Given entries
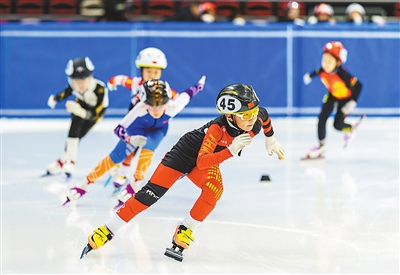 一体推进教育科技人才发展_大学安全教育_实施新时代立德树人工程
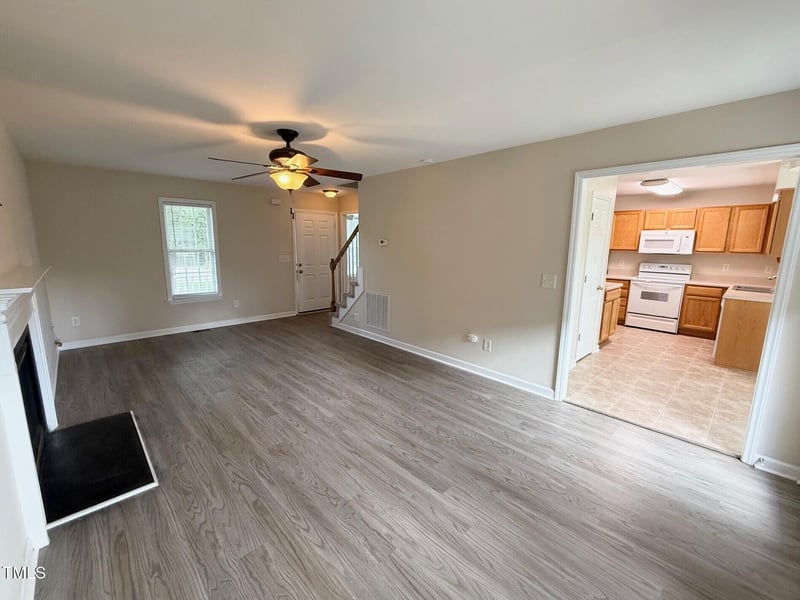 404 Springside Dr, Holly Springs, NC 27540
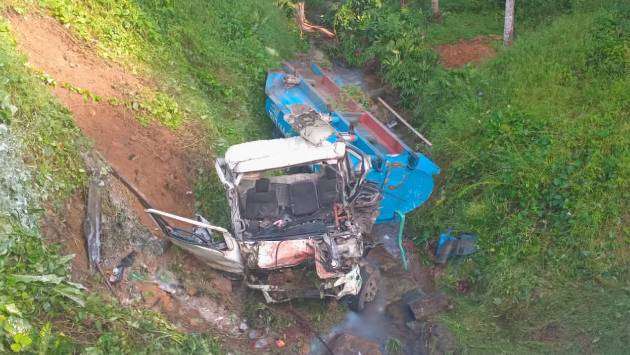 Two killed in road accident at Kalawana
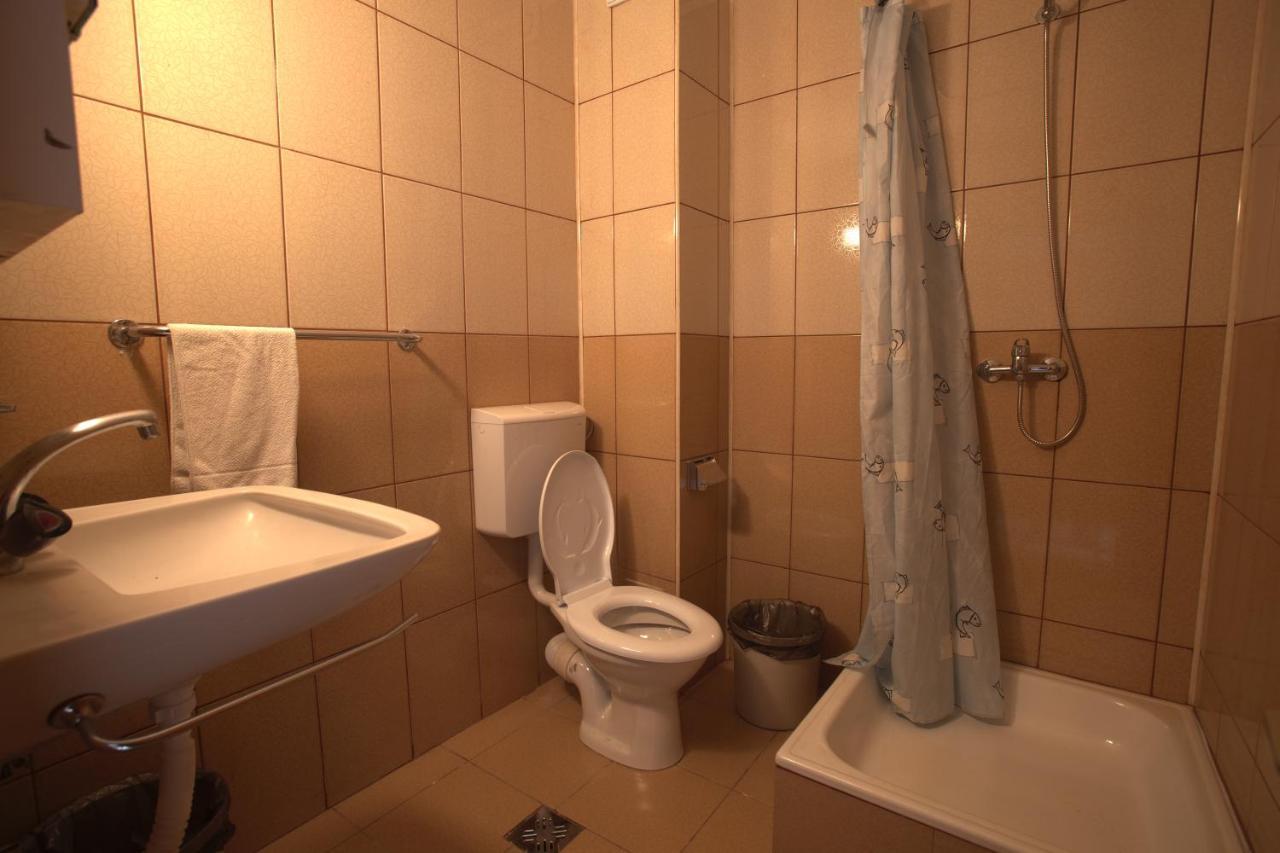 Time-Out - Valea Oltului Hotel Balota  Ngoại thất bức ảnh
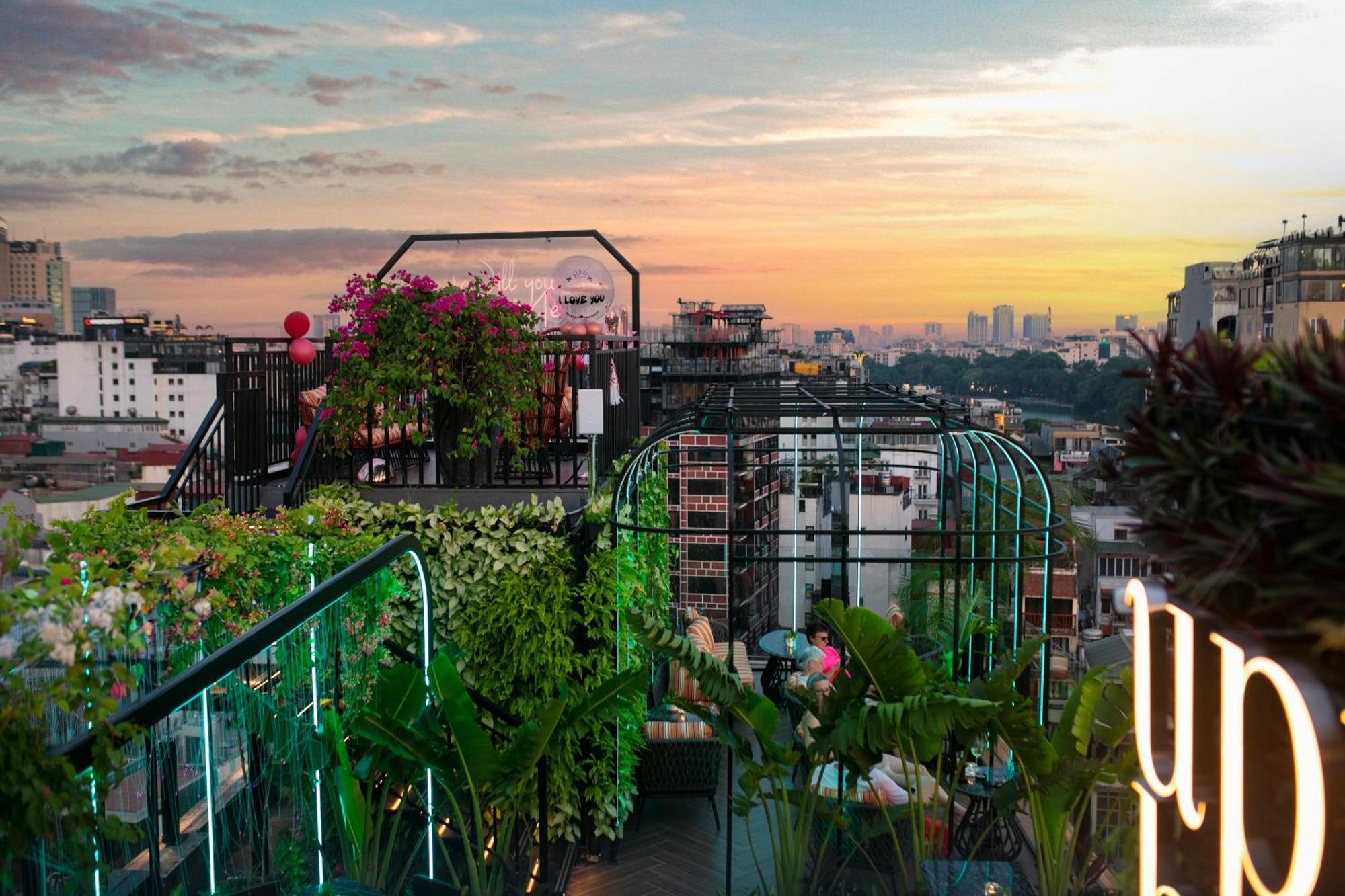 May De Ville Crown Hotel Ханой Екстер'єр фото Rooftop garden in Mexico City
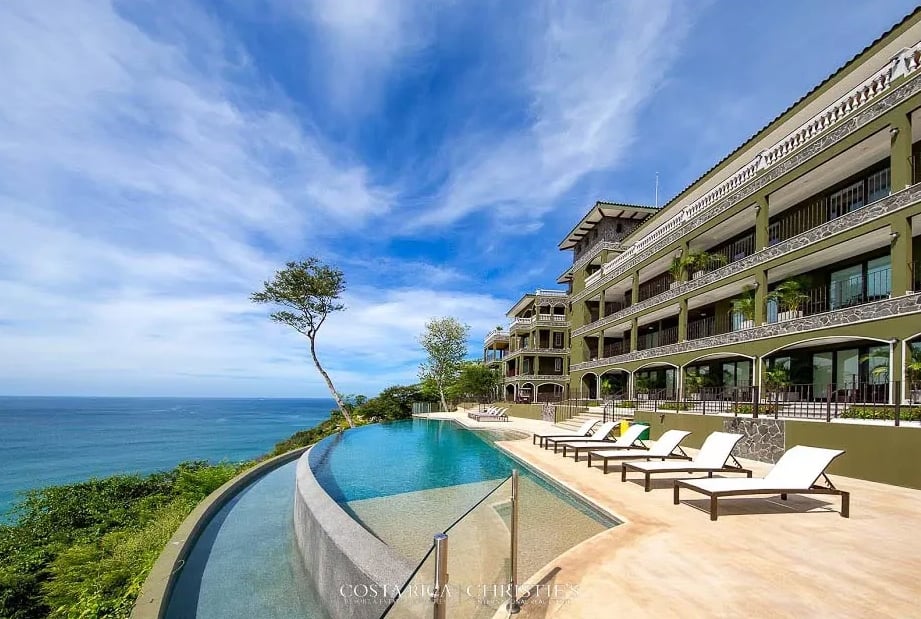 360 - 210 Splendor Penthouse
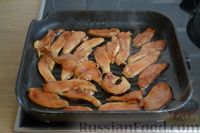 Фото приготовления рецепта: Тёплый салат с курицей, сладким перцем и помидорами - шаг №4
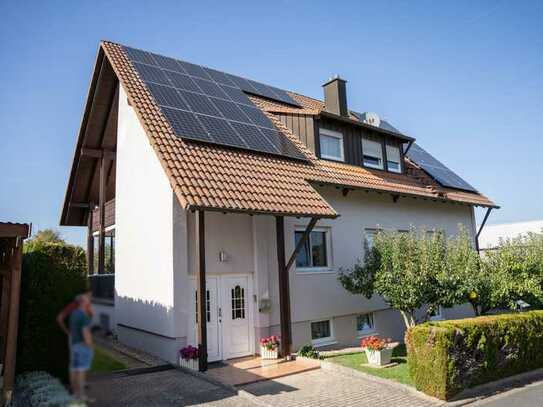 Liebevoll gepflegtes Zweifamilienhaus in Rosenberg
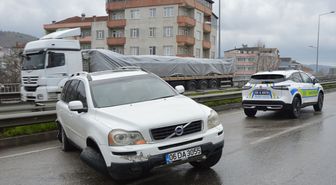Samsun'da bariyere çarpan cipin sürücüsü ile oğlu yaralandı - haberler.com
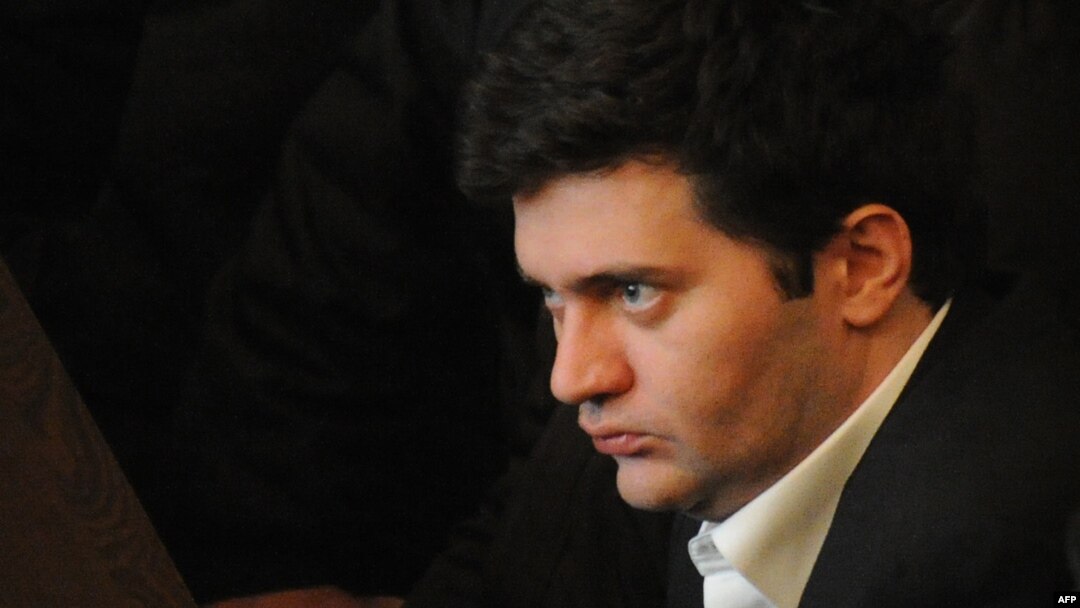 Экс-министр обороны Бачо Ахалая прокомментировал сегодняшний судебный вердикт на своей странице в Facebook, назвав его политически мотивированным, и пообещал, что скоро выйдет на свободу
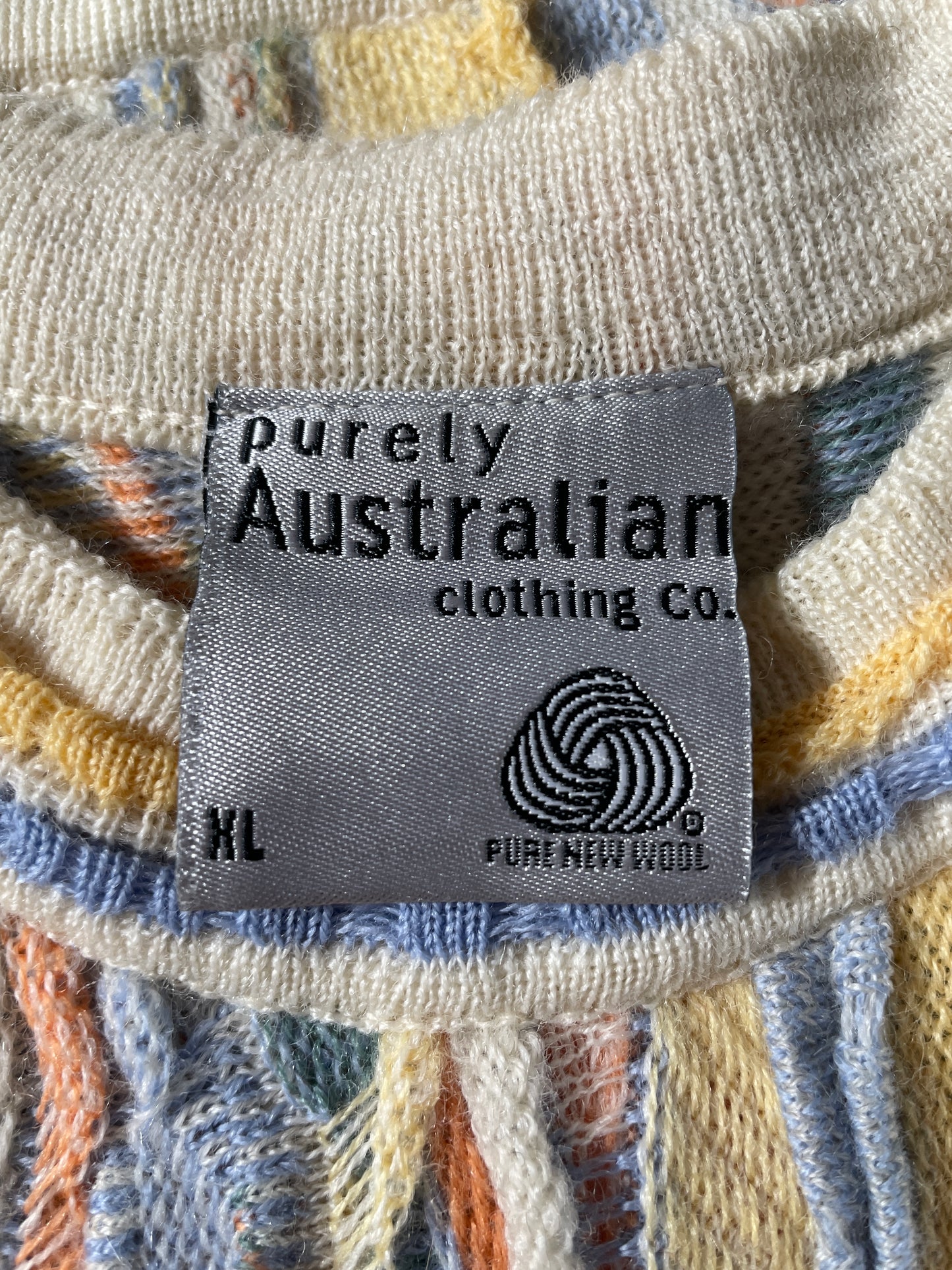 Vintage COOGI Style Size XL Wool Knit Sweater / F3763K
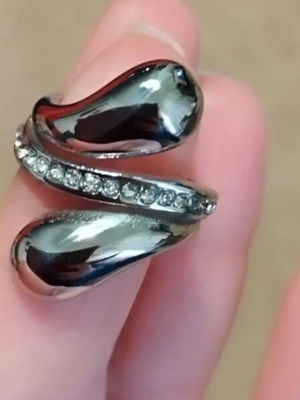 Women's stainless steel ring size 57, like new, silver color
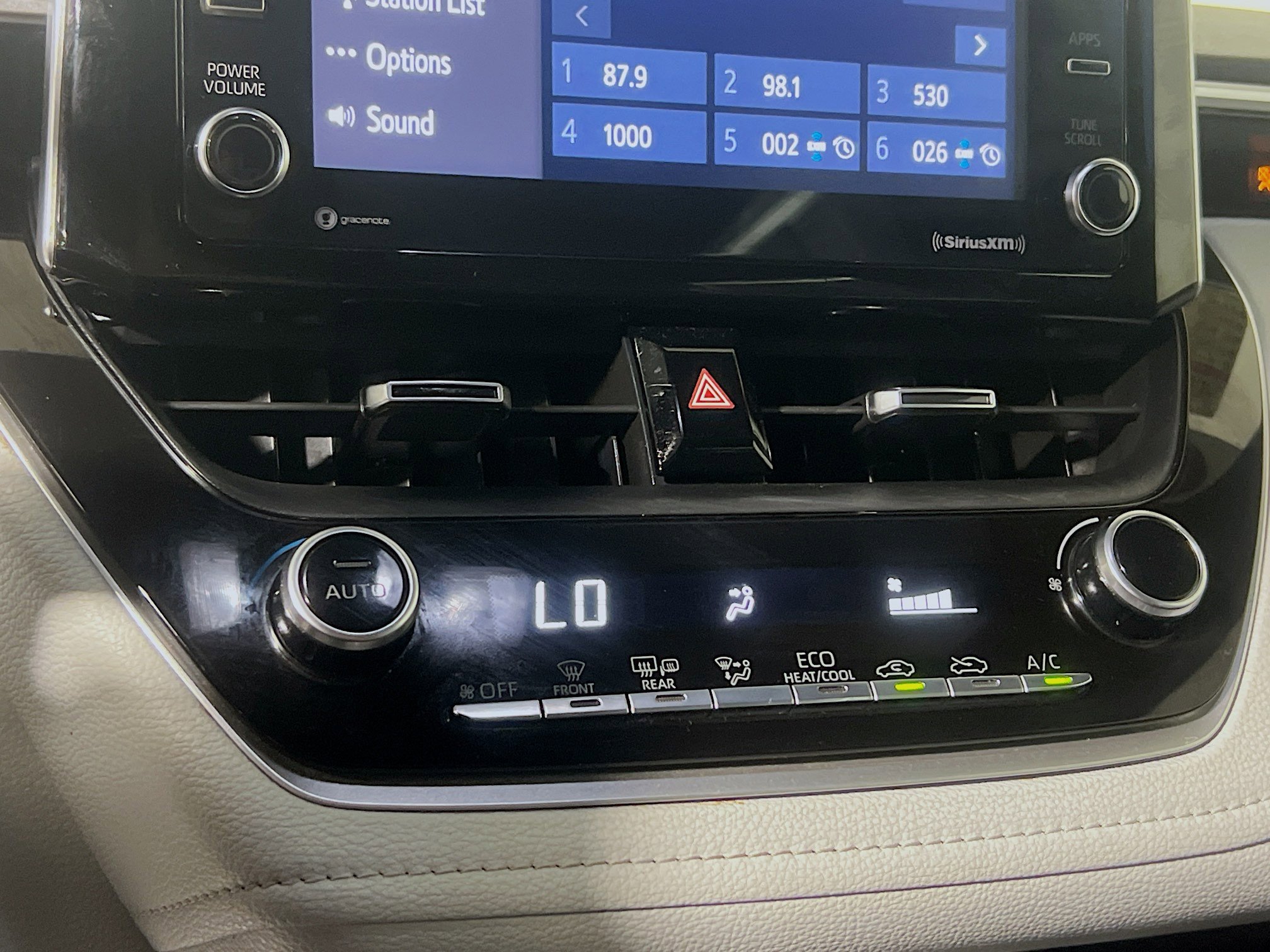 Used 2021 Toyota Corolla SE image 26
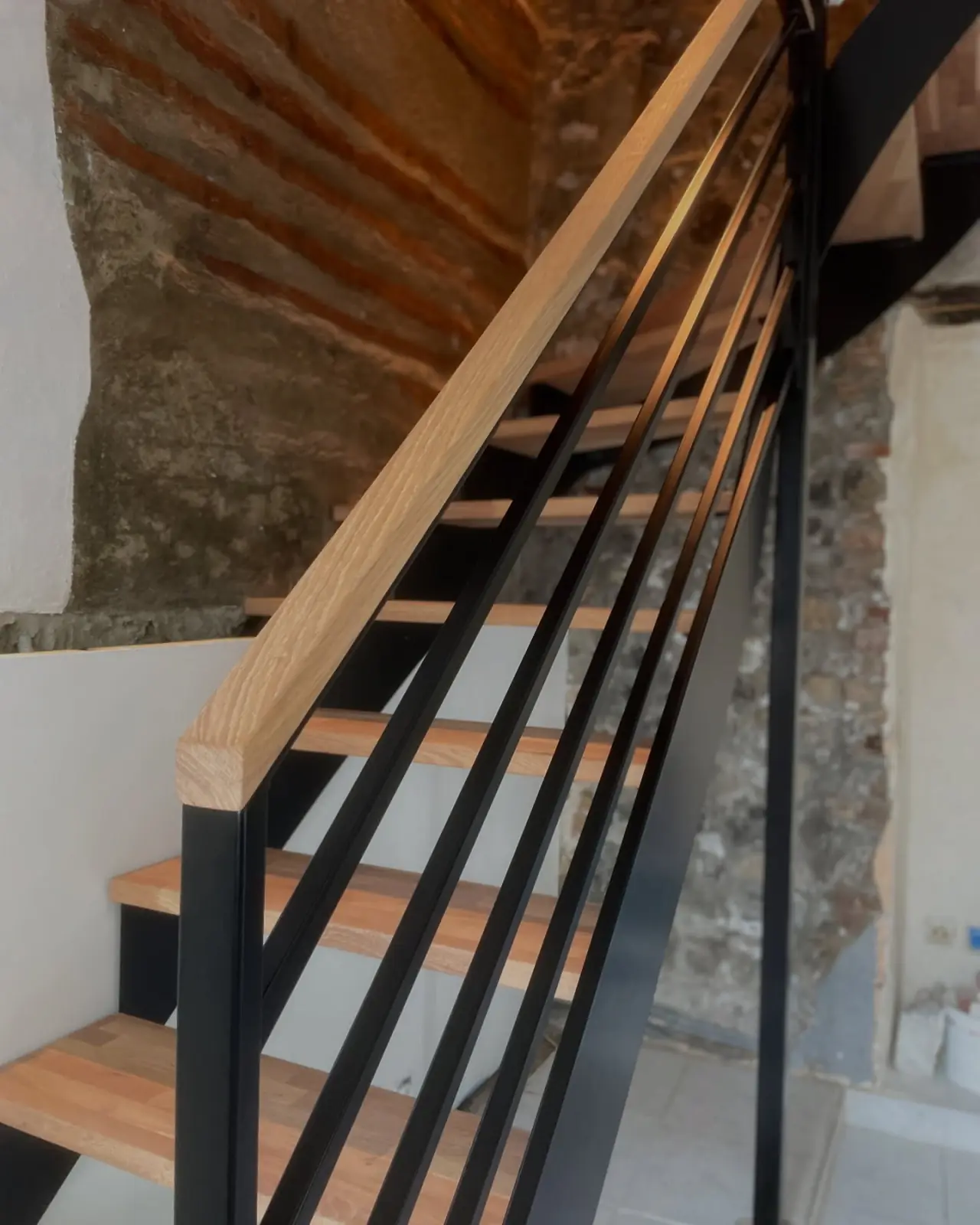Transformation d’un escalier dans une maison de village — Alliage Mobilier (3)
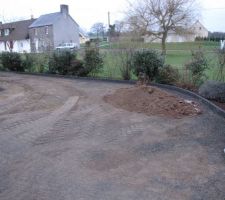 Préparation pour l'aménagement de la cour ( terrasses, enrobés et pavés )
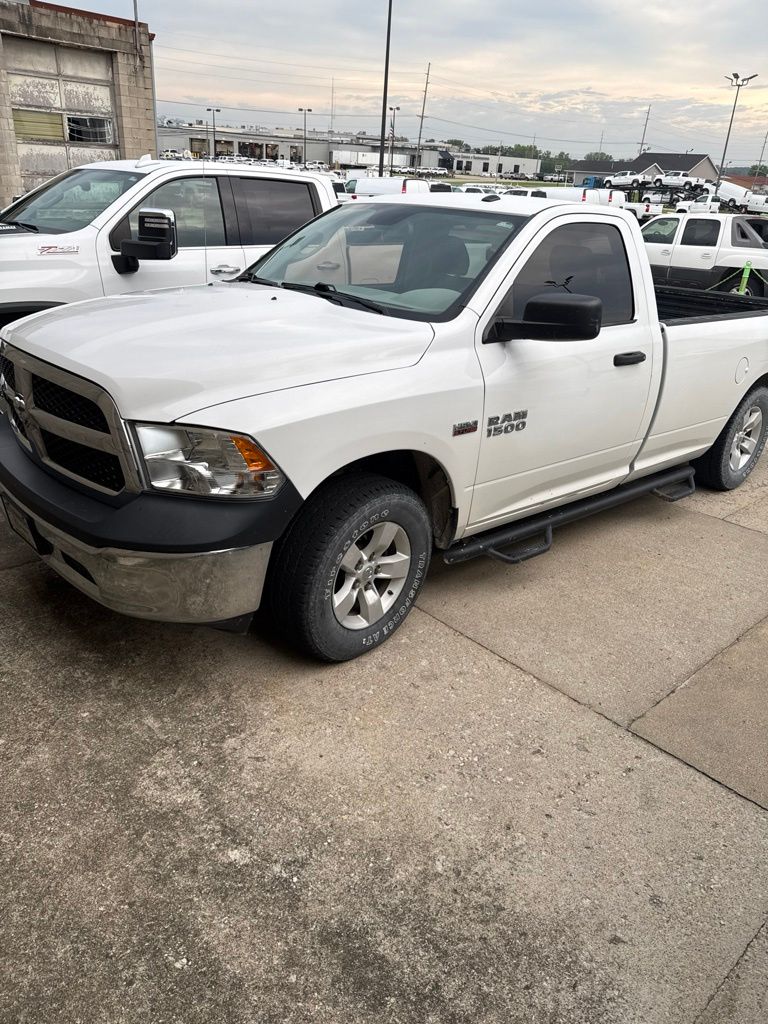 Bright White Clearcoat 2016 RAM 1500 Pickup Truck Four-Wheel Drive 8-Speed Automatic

About this task
Copy out the material word for word, without any images.

Answer for the task
 一体推进教育科技人才发展_大学安全教育_实施新时代立德树人工程
 404 Springside Dr, Holly Springs, NC 27540
 Two killed in road accident at Kalawana
 Time-Out - Valea Oltului Hotel Balota  Ngoại thất bức ảnh
 May De Ville Crown Hotel Ханой Екстер'єр фото Rooftop garden in Mexico City
 360 - 210 Splendor Penthouse
 Фото приготовления рецепта: Тёплый салат с курицей, сладким перцем и помидорами - шаг №4
 Liebevoll gepflegtes Zweifamilienhaus in Rosenberg
Samsun'da bariyere çarpan cipin sürücüsü ile oğlu yaralandı - haberler.com
 Экс-министр обороны Бачо Ахалая прокомментировал сегодняшний судебный вердикт на своей странице в Facebook, назвав его политически мотивированным, и пообещал, что скоро выйдет на свободу
 Vintage COOGI Style Size XL Wool Knit Sweater / F3763K
 Women's stainless steel ring size 57, like new, silver color
 Used 2021 Toyota Corolla SE image 26
Transformation d’un escalier dans une maison de village — Alliage Mobilier (3)
 Préparation pour l'aménagement de la cour ( terrasses, enrobés et pavés )
 Bright White Clearcoat 2016 RAM 1500 Pickup Truck Four-Wheel Drive 8-Speed Automatic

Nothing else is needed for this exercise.